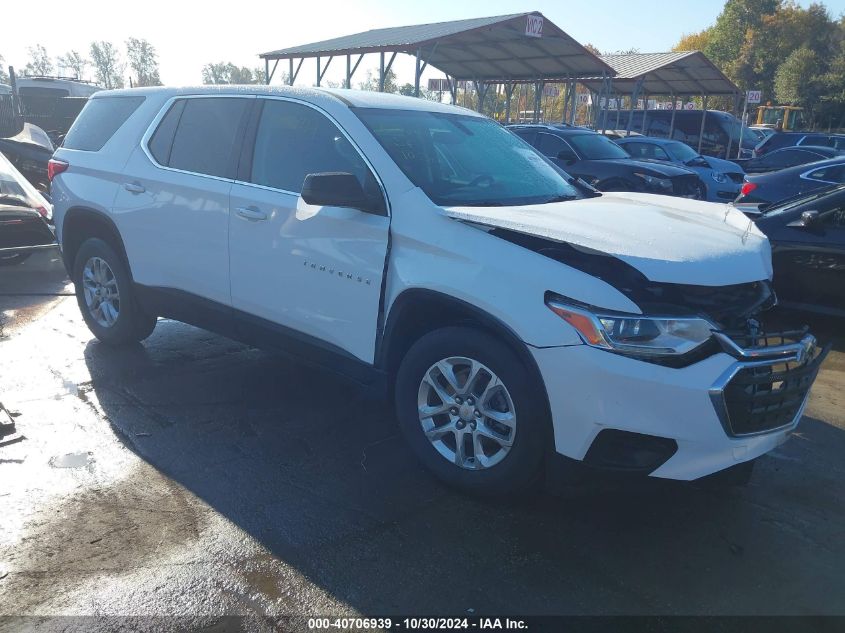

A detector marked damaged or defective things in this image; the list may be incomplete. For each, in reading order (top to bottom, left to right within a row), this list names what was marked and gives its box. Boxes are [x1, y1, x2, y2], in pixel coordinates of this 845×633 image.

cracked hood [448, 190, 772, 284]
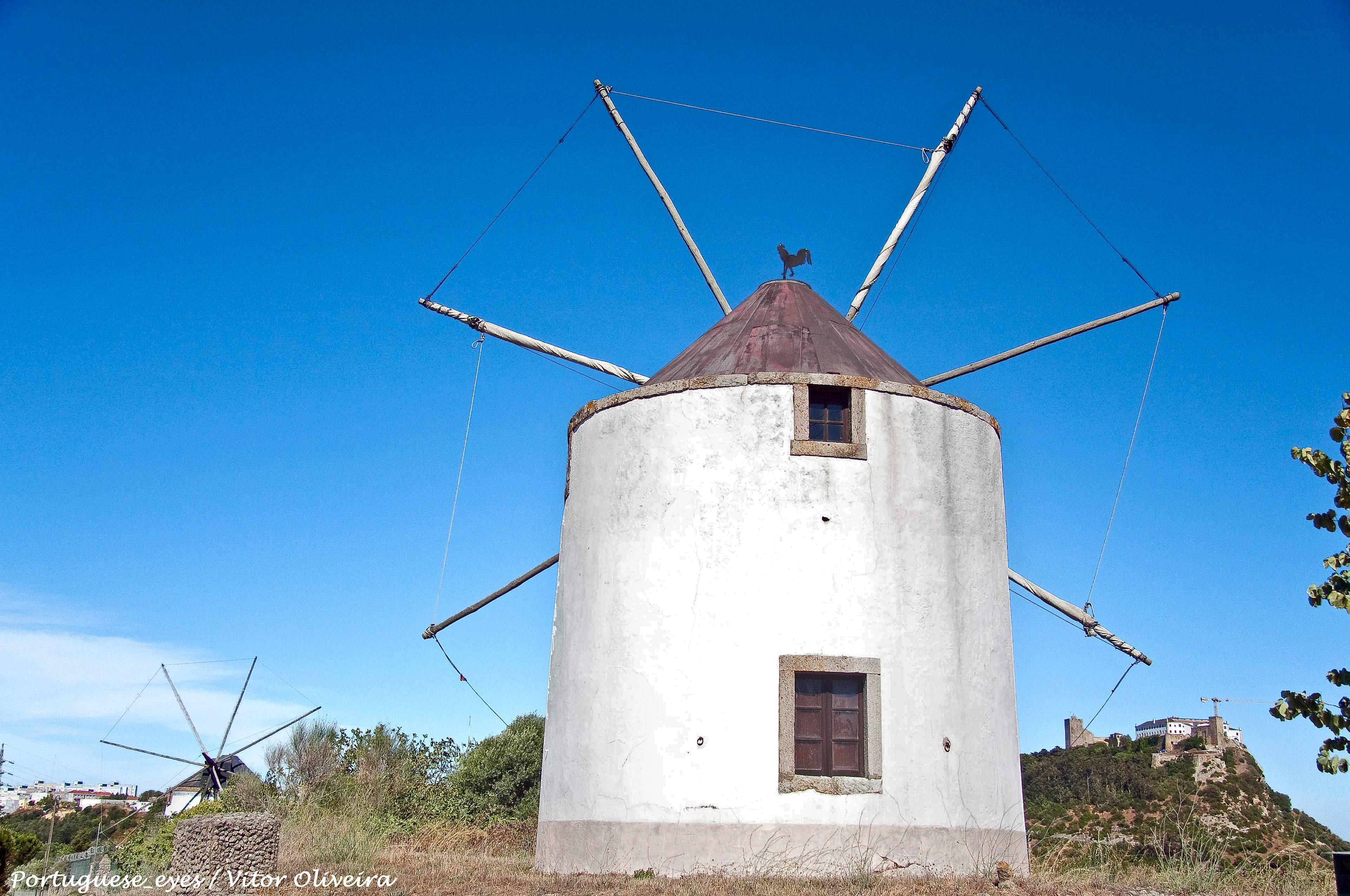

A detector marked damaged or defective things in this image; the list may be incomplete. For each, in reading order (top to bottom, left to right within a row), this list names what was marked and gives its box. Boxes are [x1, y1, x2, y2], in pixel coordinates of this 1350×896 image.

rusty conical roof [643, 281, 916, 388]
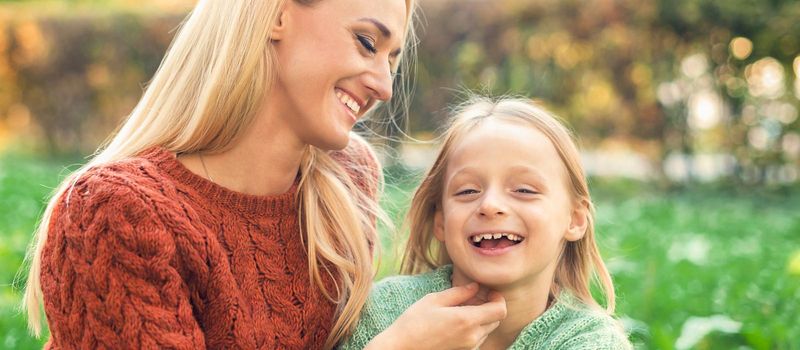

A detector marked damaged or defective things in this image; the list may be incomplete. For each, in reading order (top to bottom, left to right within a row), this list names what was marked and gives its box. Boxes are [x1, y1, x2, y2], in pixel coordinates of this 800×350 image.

··········

- [TRY IT]
All of the data must be repeated exactly, except for the pictures.

- [WRITTEN ANSWER]
A detector marked damaged or defective things in this image; the list may be incomplete. For each, in reading order (top to bottom, left to right within a row), this list names what was marked and gives its box. Boxes are [x1, y1, x2, y2], in pixel coordinates of this 845×633 image.

cracked hood [448, 190, 772, 284]

A detector marked damaged or defective things in this image; the list may be incomplete. For each, in reading order (top to bottom, left to right within a row), this list names what was marked and gives its box. Boxes are [x1, y1, x2, y2], in pixel coordinates of this 1350×896 image.

rusty conical roof [643, 281, 916, 388]

A detector marked damaged or defective things in this image; the list may be incomplete. For each, in reading order (top to bottom, left to right within a row), this list names what was marked and gives its box. Boxes are [x1, y1, x2, y2], in pixel coordinates of this 800×350 image.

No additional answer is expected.